Required work:
Your reply should be the complete data, reproduced exactly.

::::::::

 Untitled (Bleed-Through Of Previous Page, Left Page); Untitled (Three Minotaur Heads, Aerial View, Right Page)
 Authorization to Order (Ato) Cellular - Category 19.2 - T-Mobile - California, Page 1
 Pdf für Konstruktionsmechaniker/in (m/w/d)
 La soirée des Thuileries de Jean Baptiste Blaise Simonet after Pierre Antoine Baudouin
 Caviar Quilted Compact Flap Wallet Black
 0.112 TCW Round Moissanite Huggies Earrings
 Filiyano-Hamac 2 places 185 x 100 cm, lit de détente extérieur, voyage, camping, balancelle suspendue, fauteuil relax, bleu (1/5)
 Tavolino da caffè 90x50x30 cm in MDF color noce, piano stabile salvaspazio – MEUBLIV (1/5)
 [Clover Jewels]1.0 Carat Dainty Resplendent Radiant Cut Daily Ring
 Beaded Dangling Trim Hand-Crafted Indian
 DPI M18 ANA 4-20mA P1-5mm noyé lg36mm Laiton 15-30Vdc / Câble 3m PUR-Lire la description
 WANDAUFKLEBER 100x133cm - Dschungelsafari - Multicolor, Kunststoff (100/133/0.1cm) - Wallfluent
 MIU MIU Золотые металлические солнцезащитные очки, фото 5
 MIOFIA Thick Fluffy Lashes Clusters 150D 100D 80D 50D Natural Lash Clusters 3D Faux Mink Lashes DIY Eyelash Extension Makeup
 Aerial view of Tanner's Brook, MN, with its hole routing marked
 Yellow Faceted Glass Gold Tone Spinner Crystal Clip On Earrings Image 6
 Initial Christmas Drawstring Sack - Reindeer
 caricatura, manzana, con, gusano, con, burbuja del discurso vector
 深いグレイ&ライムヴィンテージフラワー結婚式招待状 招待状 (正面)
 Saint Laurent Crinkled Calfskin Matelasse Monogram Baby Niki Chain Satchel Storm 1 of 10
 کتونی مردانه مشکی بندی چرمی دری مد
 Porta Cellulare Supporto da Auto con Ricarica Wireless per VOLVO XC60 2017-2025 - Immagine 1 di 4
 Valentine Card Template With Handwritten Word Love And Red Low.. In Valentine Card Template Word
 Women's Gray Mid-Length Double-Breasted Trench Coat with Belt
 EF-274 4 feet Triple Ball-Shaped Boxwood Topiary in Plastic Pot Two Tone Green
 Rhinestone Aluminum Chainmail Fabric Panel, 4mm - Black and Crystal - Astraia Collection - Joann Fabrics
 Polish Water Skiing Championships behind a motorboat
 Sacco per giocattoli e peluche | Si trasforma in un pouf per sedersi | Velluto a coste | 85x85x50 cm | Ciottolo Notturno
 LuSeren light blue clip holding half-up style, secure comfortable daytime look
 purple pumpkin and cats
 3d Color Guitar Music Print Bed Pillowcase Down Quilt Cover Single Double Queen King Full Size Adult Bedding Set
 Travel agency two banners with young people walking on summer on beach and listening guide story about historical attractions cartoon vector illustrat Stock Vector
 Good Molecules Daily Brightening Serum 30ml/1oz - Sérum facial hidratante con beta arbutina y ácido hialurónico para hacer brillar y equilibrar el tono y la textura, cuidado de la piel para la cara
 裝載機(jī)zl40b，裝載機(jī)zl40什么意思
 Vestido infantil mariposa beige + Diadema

::::::::

Written solution:
 Untitled (Bleed-Through Of Previous Page, Left Page); Untitled (Three Minotaur Heads, Aerial View, Right Page)
 Authorization to Order (Ato) Cellular - Category 19.2 - T-Mobile - California, Page 1
 Pdf für Konstruktionsmechaniker/in (m/w/d)
 La soirée des Thuileries de Jean Baptiste Blaise Simonet after Pierre Antoine Baudouin
 Caviar Quilted Compact Flap Wallet Black
 0.112 TCW Round Moissanite Huggies Earrings
 Filiyano-Hamac 2 places 185 x 100 cm, lit de détente extérieur, voyage, camping, balancelle suspendue, fauteuil relax, bleu (1/5)
 Tavolino da caffè 90x50x30 cm in MDF color noce, piano stabile salvaspazio – MEUBLIV (1/5)
 [Clover Jewels]1.0 Carat Dainty Resplendent Radiant Cut Daily Ring
 Beaded Dangling Trim Hand-Crafted Indian
 DPI M18 ANA 4-20mA P1-5mm noyé lg36mm Laiton 15-30Vdc / Câble 3m PUR-Lire la description
 WANDAUFKLEBER 100x133cm - Dschungelsafari - Multicolor, Kunststoff (100/133/0.1cm) - Wallfluent
 MIU MIU Золотые металлические солнцезащитные очки, фото 5
 MIOFIA Thick Fluffy Lashes Clusters 150D 100D 80D 50D Natural Lash Clusters 3D Faux Mink Lashes DIY Eyelash Extension Makeup
 Aerial view of Tanner's Brook, MN, with its hole routing marked
 Yellow Faceted Glass Gold Tone Spinner Crystal Clip On Earrings Image 6
 Initial Christmas Drawstring Sack - Reindeer
 caricatura, manzana, con, gusano, con, burbuja del discurso vector
 深いグレイ&ライムヴィンテージフラワー結婚式招待状 招待状 (正面)
 Saint Laurent Crinkled Calfskin Matelasse Monogram Baby Niki Chain Satchel Storm 1 of 10
 کتونی مردانه مشکی بندی چرمی دری مد
 Porta Cellulare Supporto da Auto con Ricarica Wireless per VOLVO XC60 2017-2025 - Immagine 1 di 4
 Valentine Card Template With Handwritten Word Love And Red Low.. In Valentine Card Template Word
 Women's Gray Mid-Length Double-Breasted Trench Coat with Belt
 EF-274 4 feet Triple Ball-Shaped Boxwood Topiary in Plastic Pot Two Tone Green
 Rhinestone Aluminum Chainmail Fabric Panel, 4mm - Black and Crystal - Astraia Collection - Joann Fabrics
 Polish Water Skiing Championships behind a motorboat
 Sacco per giocattoli e peluche | Si trasforma in un pouf per sedersi | Velluto a coste | 85x85x50 cm | Ciottolo Notturno
 LuSeren light blue clip holding half-up style, secure comfortable daytime look
 purple pumpkin and cats
 3d Color Guitar Music Print Bed Pillowcase Down Quilt Cover Single Double Queen King Full Size Adult Bedding Set
 Travel agency two banners with young people walking on summer on beach and listening guide story about historical attractions cartoon vector illustrat Stock Vector
 Good Molecules Daily Brightening Serum 30ml/1oz - Sérum facial hidratante con beta arbutina y ácido hialurónico para hacer brillar y equilibrar el tono y la textura, cuidado de la piel para la cara
 裝載機(jī)zl40b，裝載機(jī)zl40什么意思
 Vestido infantil mariposa beige + Diadema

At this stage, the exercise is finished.